The Meares Digital Analytics File featuring Pinterest, User Feedback & Social Media Engagement
Every week I will be providing readers with interesting happenings in the digital analytics field from around the web. At times, I will also provide links to other articles that might not be 100% digital analytics focused, but which will include extremely interesting and useful information. I hope you enjoy the articles and wrap-ups.
If you want to receive the Meares Digital Analytics File on an ongoing basis, please feel free to follow me on here, where I will post a new article every Thursday. Also, if you want to get updates on a more frequent basis you can follow me on Twitter, @chris_meares, where I send out information daily.
Pinterest, like most other social companies, is trying to figure out how to make their ads more relevant to their users. Unlike some other social companies, they have a unique strategy. They are going to use visual cues from images that their users are searching for to serve similar appearing items as ads.

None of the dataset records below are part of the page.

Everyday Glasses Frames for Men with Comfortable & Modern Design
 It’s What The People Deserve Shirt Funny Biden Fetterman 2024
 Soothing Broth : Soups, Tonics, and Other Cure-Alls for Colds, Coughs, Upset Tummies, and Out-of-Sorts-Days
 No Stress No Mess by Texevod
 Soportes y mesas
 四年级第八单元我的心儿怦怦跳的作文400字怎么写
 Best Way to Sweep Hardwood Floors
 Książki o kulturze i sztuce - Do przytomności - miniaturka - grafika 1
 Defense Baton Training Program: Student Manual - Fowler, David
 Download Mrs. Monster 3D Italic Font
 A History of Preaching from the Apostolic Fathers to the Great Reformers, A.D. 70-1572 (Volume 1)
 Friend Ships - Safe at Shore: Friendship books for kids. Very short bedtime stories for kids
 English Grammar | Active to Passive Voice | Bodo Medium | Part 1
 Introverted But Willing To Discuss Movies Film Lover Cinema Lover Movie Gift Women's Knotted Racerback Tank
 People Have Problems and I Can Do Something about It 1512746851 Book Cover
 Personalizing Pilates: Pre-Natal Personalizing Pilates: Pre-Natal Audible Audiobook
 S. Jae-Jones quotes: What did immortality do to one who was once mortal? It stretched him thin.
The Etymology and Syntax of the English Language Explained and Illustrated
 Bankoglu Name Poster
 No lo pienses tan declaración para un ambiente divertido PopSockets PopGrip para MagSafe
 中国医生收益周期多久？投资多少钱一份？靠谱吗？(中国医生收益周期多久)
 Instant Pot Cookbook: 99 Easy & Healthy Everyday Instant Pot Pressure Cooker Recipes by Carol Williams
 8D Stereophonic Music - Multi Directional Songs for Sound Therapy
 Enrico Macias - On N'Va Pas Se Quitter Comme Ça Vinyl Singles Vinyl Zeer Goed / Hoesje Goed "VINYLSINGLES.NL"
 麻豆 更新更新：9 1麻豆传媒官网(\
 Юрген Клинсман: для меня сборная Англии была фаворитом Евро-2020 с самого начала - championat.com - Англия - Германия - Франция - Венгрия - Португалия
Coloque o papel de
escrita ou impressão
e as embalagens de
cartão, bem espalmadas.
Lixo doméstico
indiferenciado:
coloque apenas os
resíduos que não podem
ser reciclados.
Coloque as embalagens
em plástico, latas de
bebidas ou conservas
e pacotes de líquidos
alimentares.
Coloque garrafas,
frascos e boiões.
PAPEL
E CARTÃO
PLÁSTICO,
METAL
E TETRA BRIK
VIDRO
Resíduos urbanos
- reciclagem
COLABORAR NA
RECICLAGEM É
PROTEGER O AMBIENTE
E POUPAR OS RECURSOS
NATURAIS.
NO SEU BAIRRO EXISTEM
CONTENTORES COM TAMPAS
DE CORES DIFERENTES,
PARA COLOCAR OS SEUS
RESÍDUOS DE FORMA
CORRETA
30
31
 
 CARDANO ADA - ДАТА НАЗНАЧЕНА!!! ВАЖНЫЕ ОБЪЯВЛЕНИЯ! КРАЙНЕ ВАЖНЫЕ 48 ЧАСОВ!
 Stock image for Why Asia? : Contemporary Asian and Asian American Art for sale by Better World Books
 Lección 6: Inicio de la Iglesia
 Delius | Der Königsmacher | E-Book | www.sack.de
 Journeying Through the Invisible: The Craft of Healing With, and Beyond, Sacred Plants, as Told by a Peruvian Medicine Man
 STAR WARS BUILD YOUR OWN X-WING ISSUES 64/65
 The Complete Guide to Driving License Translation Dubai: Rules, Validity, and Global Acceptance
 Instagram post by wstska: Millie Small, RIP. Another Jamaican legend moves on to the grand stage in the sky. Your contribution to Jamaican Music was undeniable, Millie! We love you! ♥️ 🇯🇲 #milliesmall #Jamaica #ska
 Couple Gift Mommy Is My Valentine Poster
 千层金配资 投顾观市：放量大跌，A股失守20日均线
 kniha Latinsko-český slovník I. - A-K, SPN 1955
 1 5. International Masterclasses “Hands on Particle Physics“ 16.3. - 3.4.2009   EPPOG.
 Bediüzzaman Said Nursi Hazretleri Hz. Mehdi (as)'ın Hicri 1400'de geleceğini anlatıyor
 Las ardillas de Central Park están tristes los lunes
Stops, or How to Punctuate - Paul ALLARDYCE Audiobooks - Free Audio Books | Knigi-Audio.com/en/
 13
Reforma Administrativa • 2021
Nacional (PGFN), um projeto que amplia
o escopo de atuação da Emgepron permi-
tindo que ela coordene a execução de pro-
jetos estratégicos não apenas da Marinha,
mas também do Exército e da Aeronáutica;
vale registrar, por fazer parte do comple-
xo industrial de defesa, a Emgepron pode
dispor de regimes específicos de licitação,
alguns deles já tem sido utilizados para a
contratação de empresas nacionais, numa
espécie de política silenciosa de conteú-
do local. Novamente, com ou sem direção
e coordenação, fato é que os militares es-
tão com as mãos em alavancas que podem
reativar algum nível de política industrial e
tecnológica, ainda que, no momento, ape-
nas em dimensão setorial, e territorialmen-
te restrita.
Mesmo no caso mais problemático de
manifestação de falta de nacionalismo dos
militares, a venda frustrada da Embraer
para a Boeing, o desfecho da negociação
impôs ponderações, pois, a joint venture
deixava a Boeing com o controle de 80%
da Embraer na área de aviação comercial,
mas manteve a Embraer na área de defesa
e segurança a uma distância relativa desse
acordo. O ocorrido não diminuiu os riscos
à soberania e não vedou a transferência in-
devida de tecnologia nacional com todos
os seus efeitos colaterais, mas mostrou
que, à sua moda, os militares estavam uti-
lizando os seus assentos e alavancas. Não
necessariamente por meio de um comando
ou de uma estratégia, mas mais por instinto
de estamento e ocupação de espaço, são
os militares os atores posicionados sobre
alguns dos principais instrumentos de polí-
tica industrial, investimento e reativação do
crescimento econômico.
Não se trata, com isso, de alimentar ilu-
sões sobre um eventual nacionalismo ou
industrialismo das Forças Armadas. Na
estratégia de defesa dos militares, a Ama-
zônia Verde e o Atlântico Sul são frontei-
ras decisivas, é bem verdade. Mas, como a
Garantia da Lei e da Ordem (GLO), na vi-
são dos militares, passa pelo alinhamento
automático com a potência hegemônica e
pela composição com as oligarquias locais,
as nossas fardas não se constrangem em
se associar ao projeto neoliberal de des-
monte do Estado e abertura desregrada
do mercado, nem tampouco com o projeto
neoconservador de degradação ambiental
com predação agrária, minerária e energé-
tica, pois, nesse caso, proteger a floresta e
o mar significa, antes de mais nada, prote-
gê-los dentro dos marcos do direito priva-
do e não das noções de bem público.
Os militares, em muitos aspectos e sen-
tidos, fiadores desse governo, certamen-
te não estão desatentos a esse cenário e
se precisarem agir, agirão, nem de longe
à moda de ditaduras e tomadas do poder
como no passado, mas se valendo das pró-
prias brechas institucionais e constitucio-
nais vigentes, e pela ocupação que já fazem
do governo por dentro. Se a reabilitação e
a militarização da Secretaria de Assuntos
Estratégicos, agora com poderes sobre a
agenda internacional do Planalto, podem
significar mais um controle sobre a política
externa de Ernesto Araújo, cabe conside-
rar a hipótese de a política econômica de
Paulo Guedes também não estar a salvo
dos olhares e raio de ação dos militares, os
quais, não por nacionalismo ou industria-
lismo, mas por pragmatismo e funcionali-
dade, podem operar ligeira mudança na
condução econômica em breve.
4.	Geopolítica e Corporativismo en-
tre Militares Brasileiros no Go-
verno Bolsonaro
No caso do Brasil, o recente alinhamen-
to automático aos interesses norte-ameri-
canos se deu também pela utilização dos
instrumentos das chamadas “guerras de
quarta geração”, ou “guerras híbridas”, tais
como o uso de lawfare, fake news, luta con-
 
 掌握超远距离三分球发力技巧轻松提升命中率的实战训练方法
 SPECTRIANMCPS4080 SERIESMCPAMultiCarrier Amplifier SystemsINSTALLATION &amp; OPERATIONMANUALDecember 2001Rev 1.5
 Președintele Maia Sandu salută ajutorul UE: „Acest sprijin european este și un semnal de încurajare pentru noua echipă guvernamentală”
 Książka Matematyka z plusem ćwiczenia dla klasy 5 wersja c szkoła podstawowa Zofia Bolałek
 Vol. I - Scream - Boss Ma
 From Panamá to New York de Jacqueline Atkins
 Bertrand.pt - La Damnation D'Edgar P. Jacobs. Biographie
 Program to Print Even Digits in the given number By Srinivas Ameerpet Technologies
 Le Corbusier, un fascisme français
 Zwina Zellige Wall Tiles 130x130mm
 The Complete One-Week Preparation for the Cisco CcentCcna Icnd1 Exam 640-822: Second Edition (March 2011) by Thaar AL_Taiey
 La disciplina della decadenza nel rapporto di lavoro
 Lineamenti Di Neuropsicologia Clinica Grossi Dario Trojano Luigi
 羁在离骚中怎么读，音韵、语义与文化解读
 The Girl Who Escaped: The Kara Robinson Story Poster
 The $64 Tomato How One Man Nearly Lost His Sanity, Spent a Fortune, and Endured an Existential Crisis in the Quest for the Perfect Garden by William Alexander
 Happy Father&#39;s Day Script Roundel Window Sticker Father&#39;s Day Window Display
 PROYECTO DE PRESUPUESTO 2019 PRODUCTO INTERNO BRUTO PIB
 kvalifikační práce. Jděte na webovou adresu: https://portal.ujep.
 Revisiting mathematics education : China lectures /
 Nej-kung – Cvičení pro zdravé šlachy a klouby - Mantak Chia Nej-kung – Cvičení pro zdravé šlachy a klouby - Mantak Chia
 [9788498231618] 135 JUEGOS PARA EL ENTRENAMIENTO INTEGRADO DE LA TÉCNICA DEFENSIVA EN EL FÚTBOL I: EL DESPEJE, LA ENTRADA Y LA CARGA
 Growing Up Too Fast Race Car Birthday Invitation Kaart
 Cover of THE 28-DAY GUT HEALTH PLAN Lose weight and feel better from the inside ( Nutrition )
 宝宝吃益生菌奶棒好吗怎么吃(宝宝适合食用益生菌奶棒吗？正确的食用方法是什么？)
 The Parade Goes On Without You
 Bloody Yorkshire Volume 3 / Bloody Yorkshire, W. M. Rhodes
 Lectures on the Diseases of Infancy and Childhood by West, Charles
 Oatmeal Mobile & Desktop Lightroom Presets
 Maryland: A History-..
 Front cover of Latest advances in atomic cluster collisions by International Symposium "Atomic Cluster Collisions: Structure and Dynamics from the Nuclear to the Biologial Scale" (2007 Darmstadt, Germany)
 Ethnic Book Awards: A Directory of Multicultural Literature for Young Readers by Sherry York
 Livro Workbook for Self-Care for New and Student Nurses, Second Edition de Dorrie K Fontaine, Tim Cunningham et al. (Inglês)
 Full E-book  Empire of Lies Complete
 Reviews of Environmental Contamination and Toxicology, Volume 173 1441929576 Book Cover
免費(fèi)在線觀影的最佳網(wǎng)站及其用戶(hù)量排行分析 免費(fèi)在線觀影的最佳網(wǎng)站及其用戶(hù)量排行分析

They have been using this strategy for a while with the organic facing products but now they are allowing advertisers in on the fun. It should be interesting if this becomes a catalyst for selling more ads to potential advertisers.
Here is a good article on getting user feedback. I am not against surveys but I always feel like I am missing something. I hear from people that are either very happy or very upset, but what about the people that are in between? They need to have a voice and this article explains how to get to that voice and take advantage of the business hidden beneath the surface. Anyone that works on a website or mobile app needs to read this and heed its advice.
Stae is trying to help local governments collect, manage and process data about their infrastructure. Stae’s tagline is “The future is smarter government.” I am certain almost everyone can agree with that, independent of political affiliation. Local governments can access a ton of data, everything from utilities to traffic cameras to public transport and residence complaints. Stae wants to standardize these data sets using APIs instead of the current way of accessing, CSVs and Excel docs. We have a long way to see where this goes but the $1.5 million they raised sparks my interest.
At its core, Google is an advertising company and recently has partnered with debit and credit card companies to try and do something that has yet to be done in the advertising space, tie online behavior to offline purchases. Sounds like an invasion of privacy at first glance, however, Google doesn’t have access to identifiable payment information such as a person’s name or what they bought. They aggregate the matches to protect privacy and then they can tell a restaurant that their ads resulted in 1,000 people going there to eat and how much they spent without sharing any personal information. This has long been the holy grail of online advertising and if Google can deliver on what they promise they will be making large waves in the online advertising industry.
One of our analysts at MaassMedia, Lynette Chen, wrote a blog post this week that I am in love with. So many times, companies just track the basics in social media and that doesn’t even scratch the surface of what you should be tracking. In her latest post, Lynette goes into detail on how to track social engagement rate that gets way deeper than the surface. One of my favorite lines from the blog is “Discarding engagement metrics that don’t deliver any value to your brand will enable you to more accurately understand if and why people respond to your content.” I couldn’t have said it better myself.